──────── DATA LISTING ────────

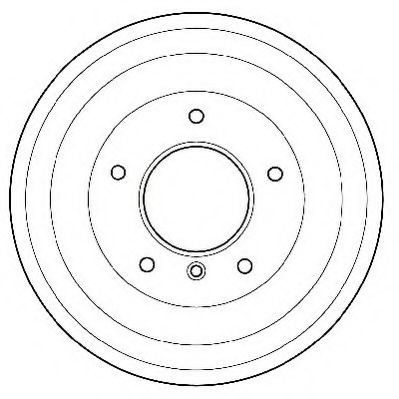 спирачен барабан 329030J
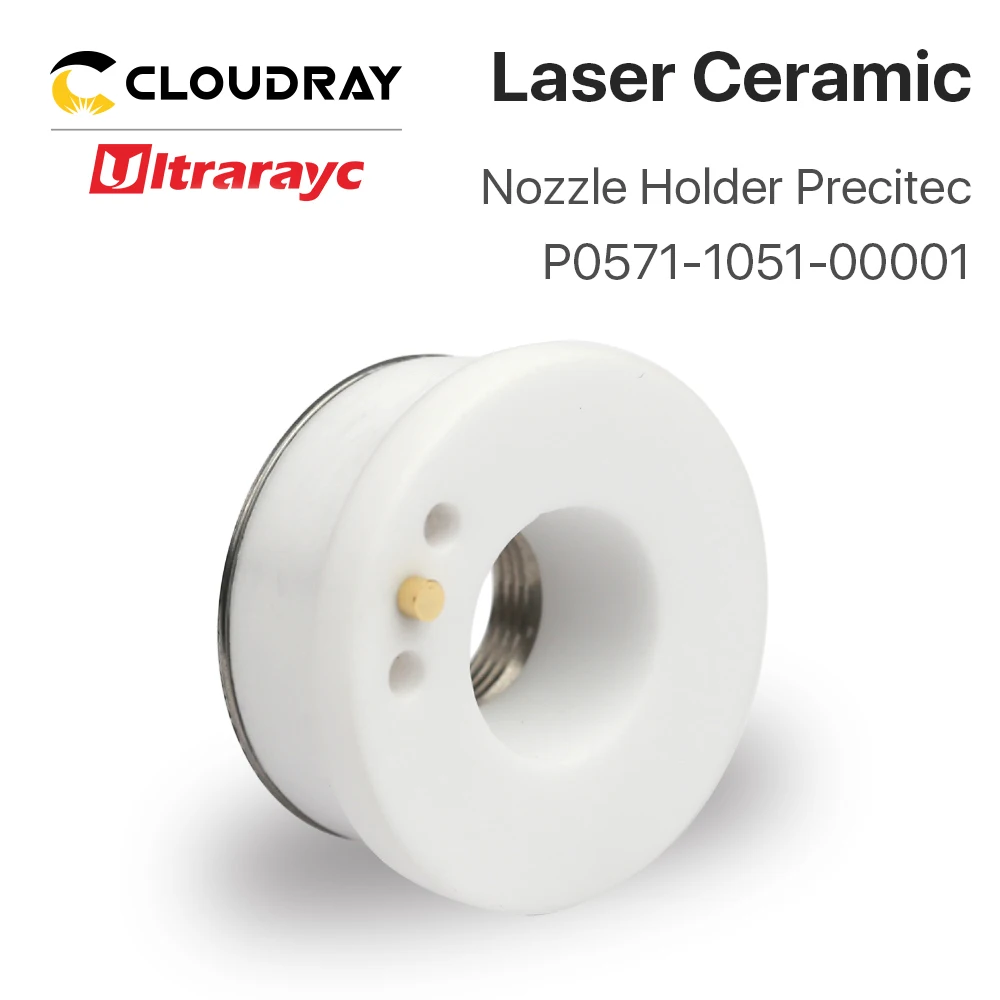 Керамическая деталь для лазерной лампы Precitec Procutter и Lightcutter диаметром 28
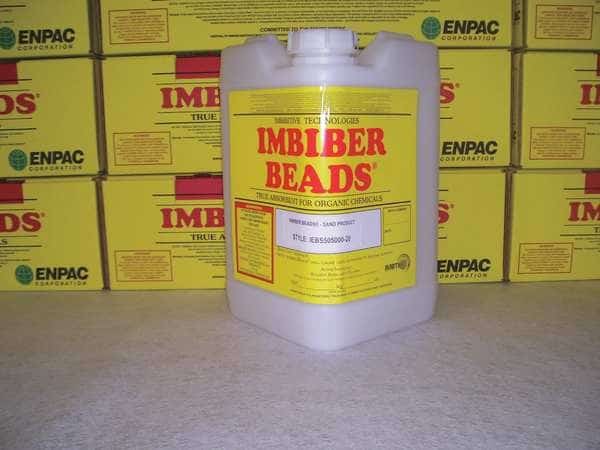 Loose Absorbent, 20 lb., Bottle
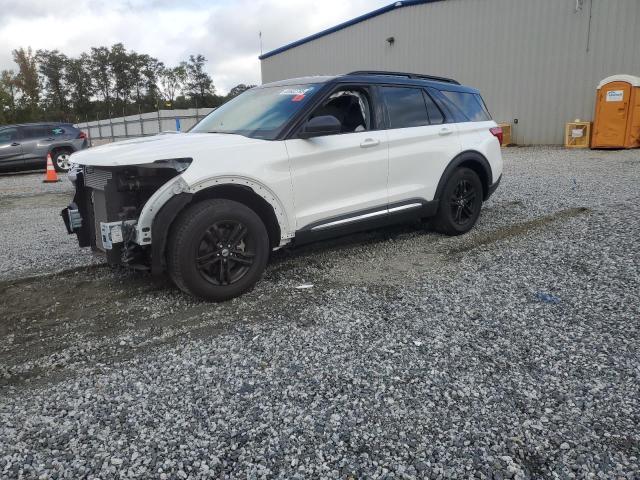 2024 FORD EXPLORER X #3266015529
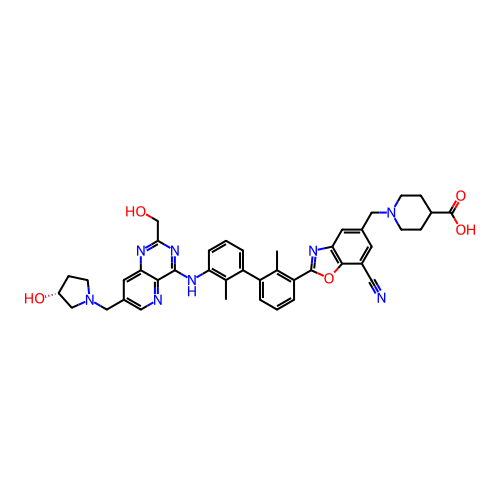 Chemical structure of BindingDB Monomer ID 446479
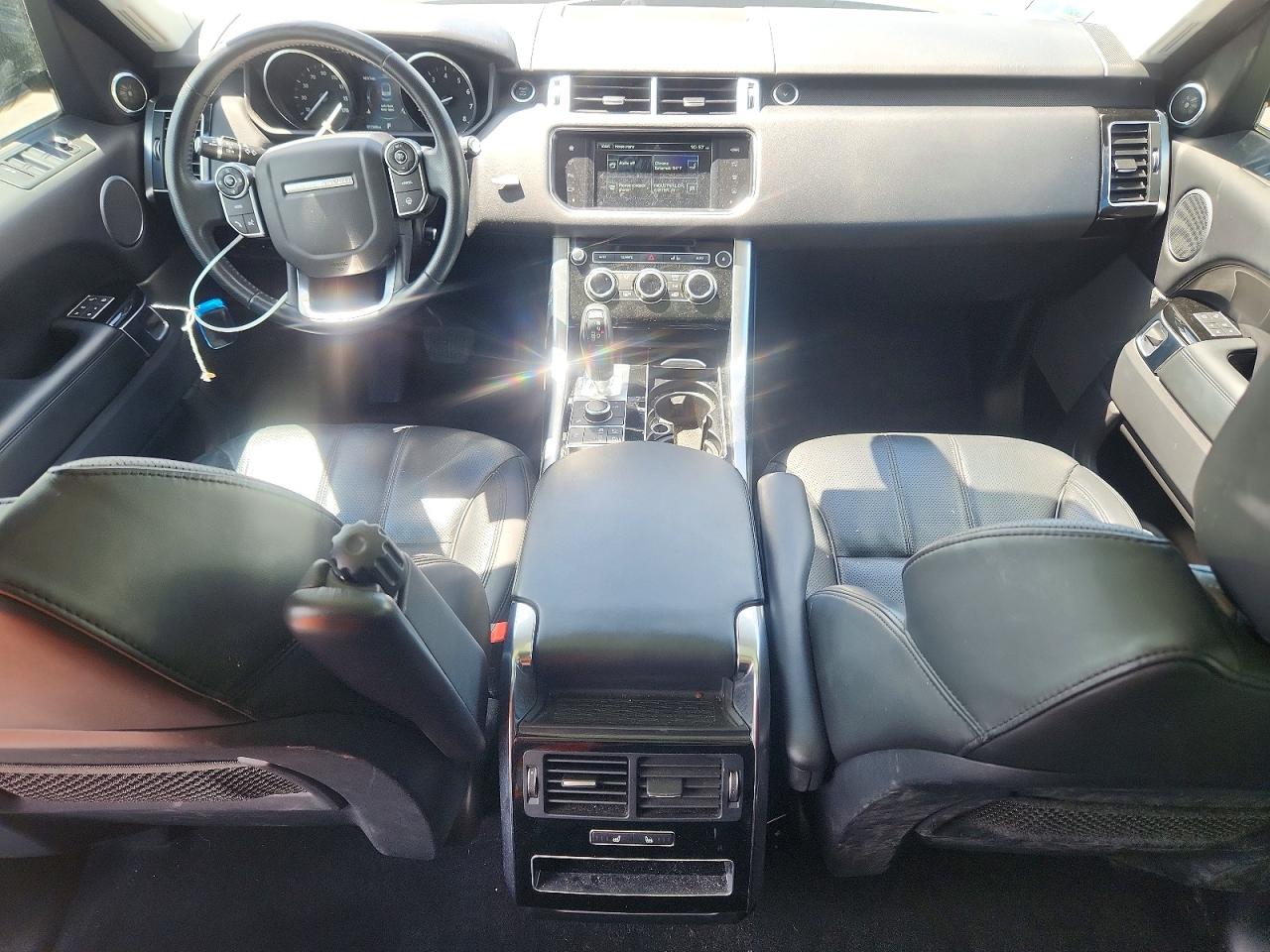 LAND ROVER RANGE ROVER SPORT 2016 — 9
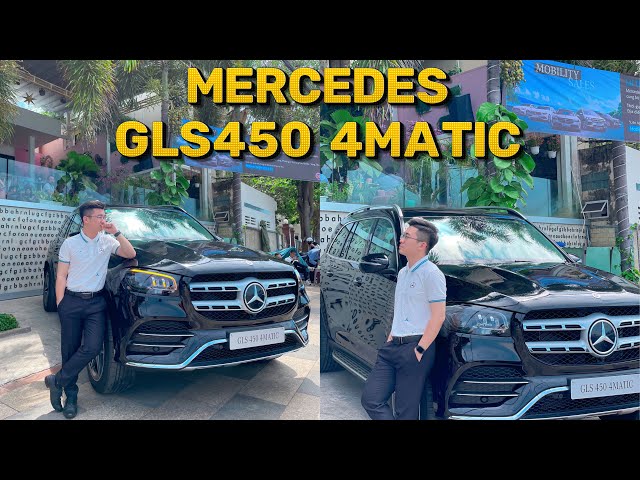 Trải nghiệm Mercedes GLS450 trên cao tốc Long Thành Dầu Dây về TP Vũng Tàu 0909 300 351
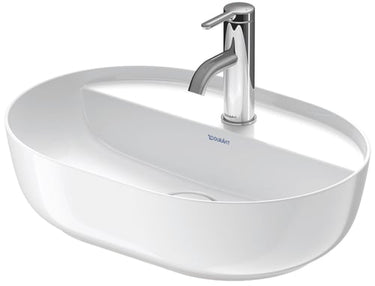 Duravit Luv Bowle hvid højglans 500mm - 1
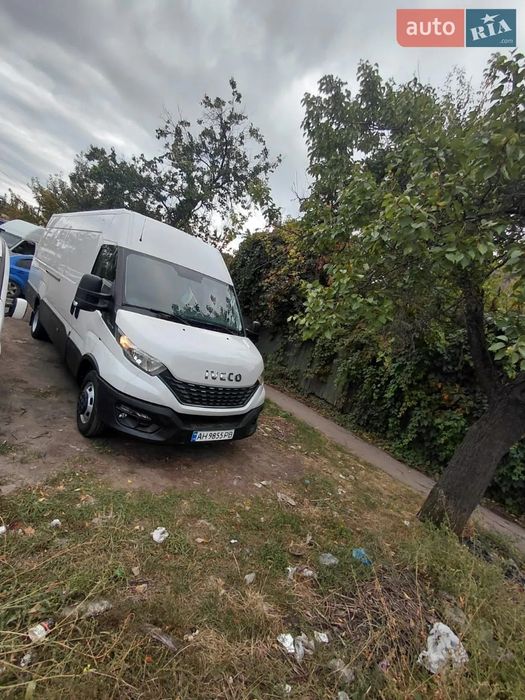 Iveco Daili 35c15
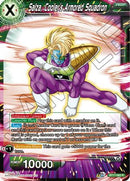 Salza, Cooler's Armored Squadron (BT17-062) [Ultimate Squad]-1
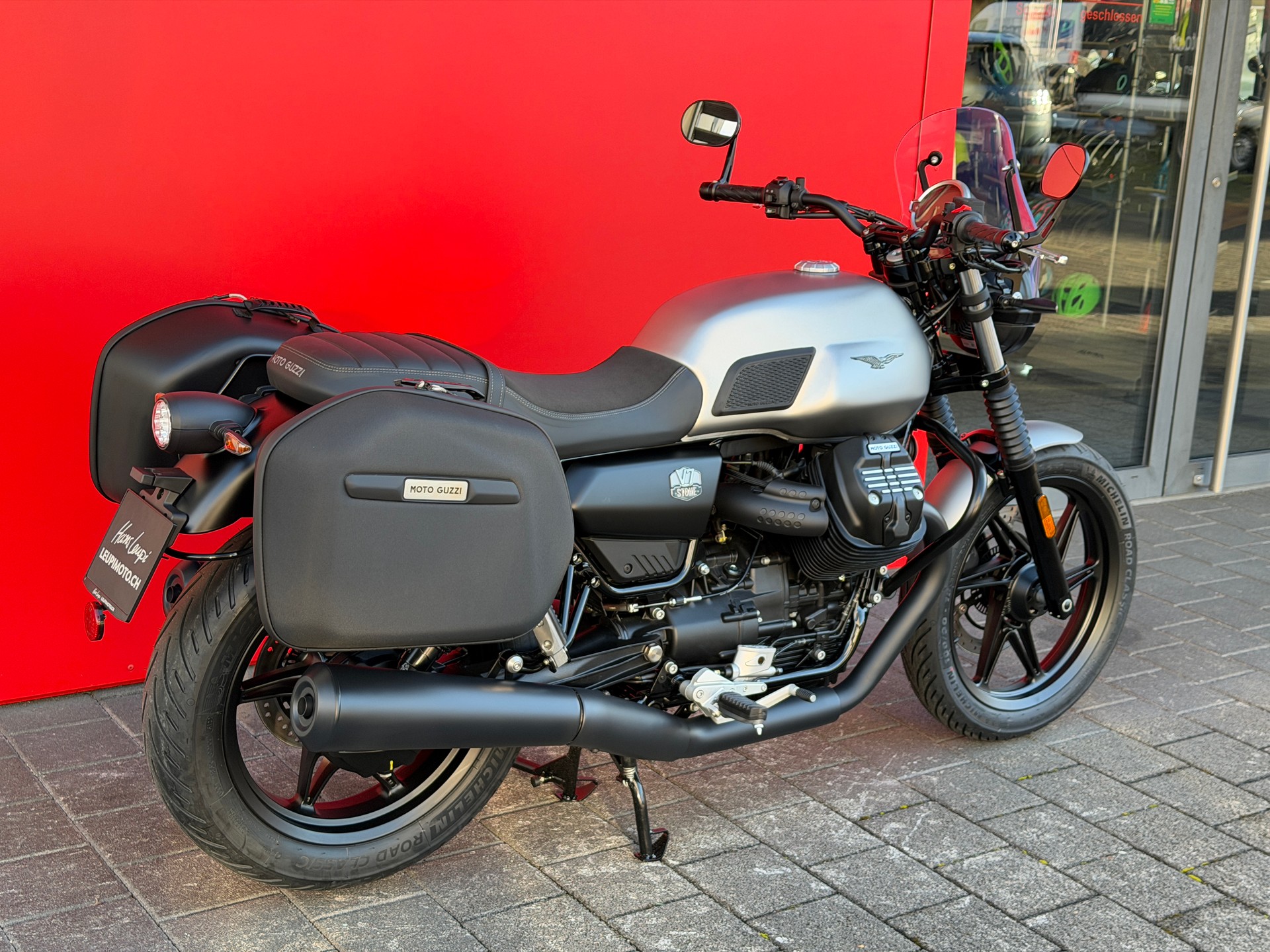 MOTO GUZZI V7 IV 850 Stone Touring - 13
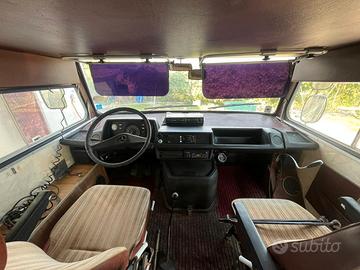 hymermobile 540 T1 mercedes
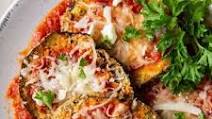Air Fryer Eggplant Parm Air Fryer Eggplant Parm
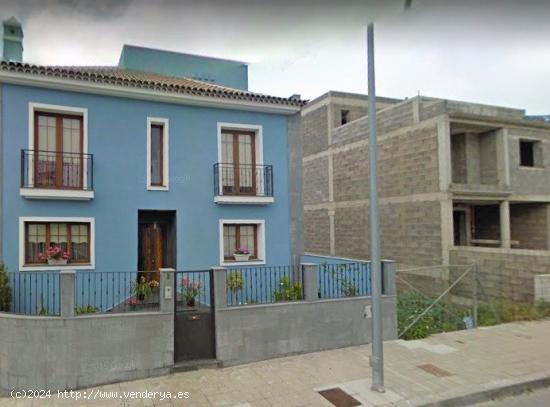 Se vende terreno urbano en centro de La Guancha. - SANTA CRUZ DE TENERIFE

────────

[TASK STATEMENT]: Once the line containing "Iveco Daili 35c15" is found, write out exactly that line and each line after it through the end of the entries, omitting pictures.

[EXPECTED ANSWER]:
 Iveco Daili 35c15
 Salza, Cooler's Armored Squadron (BT17-062) [Ultimate Squad]-1
 MOTO GUZZI V7 IV 850 Stone Touring - 13
 hymermobile 540 T1 mercedes
Air Fryer Eggplant Parm Air Fryer Eggplant Parm
 Se vende terreno urbano en centro de La Guancha. - SANTA CRUZ DE TENERIFE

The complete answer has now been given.